EXERCISE DETAILS -
If a line contains "Indomitable Prey: A LitRPG Adventure", it is the last one to write out; begin with the first line of the records and copy each exactly.

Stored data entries

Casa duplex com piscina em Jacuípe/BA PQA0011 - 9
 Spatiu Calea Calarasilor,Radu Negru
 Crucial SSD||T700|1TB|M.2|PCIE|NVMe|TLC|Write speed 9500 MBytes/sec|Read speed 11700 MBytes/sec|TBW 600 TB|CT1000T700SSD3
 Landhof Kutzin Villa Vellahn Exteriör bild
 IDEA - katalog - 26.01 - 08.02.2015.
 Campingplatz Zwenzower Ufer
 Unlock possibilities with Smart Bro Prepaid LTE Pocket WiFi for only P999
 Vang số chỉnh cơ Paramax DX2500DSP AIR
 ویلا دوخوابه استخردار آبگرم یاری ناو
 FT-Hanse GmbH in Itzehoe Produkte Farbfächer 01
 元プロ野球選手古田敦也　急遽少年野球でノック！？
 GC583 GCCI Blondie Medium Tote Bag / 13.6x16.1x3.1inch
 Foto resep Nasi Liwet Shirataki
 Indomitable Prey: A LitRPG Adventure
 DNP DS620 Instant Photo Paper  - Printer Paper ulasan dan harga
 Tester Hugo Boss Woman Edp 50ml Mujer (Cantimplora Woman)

RESPONSE TO THIS EXERCISE -
Casa duplex com piscina em Jacuípe/BA PQA0011 - 9
 Spatiu Calea Calarasilor,Radu Negru
 Crucial SSD||T700|1TB|M.2|PCIE|NVMe|TLC|Write speed 9500 MBytes/sec|Read speed 11700 MBytes/sec|TBW 600 TB|CT1000T700SSD3
 Landhof Kutzin Villa Vellahn Exteriör bild
 IDEA - katalog - 26.01 - 08.02.2015.
 Campingplatz Zwenzower Ufer
 Unlock possibilities with Smart Bro Prepaid LTE Pocket WiFi for only P999
 Vang số chỉnh cơ Paramax DX2500DSP AIR
 ویلا دوخوابه استخردار آبگرم یاری ناو
 FT-Hanse GmbH in Itzehoe Produkte Farbfächer 01
 元プロ野球選手古田敦也　急遽少年野球でノック！？
 GC583 GCCI Blondie Medium Tote Bag / 13.6x16.1x3.1inch
 Foto resep Nasi Liwet Shirataki
 Indomitable Prey: A LitRPG Adventure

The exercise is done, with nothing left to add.